Apa yang dilakukan mas Hendro adalah contoh kepedulian yang dieksekusi. Bukan sekadar wacara di obrolan bapak-bapak di komplek atau, apalagi, wacana di kepala semata.Â
Saya sendiri hingga hari ini masih sering berupaya memperingatkan pengendara motor yang secara sadar atau tak sadar membiarkan lampu signal motor tetap berkedip di jalan raya.Â
Kadang saya membiarkan hanya karena ingin melihat apakah ada orang lain yang memperingatkan. Hasilnya? Tidak ada.

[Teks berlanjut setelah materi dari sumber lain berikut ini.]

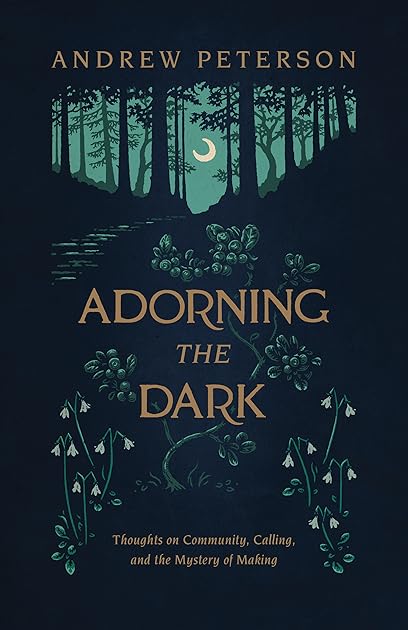 Adorning the Dark: Thoughts on Community, Calling, and the Mystery of Making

Sikap pembiaran ini yang kadang berakibat pada kejadian-kejadian tragis yang mengikutinya. Bukan tidak mungkin kejadian di Cibubur itu adalah akibat pembiaran dari masyarakat sekitar kawasan itu yang telah melihat dan menyadari bahaya tersebut.Â
Yang jelas, seperti yang saya katakan tadi, bahwa lampu lalu-lintas dan putaran di kontur jalan yang menurun tajam tadi tidak perlu logika seorang ahli untuk bisa mengatakan bahwa itu bahaya.
Dengan kejadian di Cibubur semoga jadi pelajaran untuk kita semua untuk lebih berhati-hati di perjalanan dan tidak membiarkan potensi-potensi membahayakan orang lain (bukan hanya potensi bahaya untuk diri sendiri).
 Dengan begitu, kita telah mengaktifkan rasa kemanusiaan kita pada posisi ON!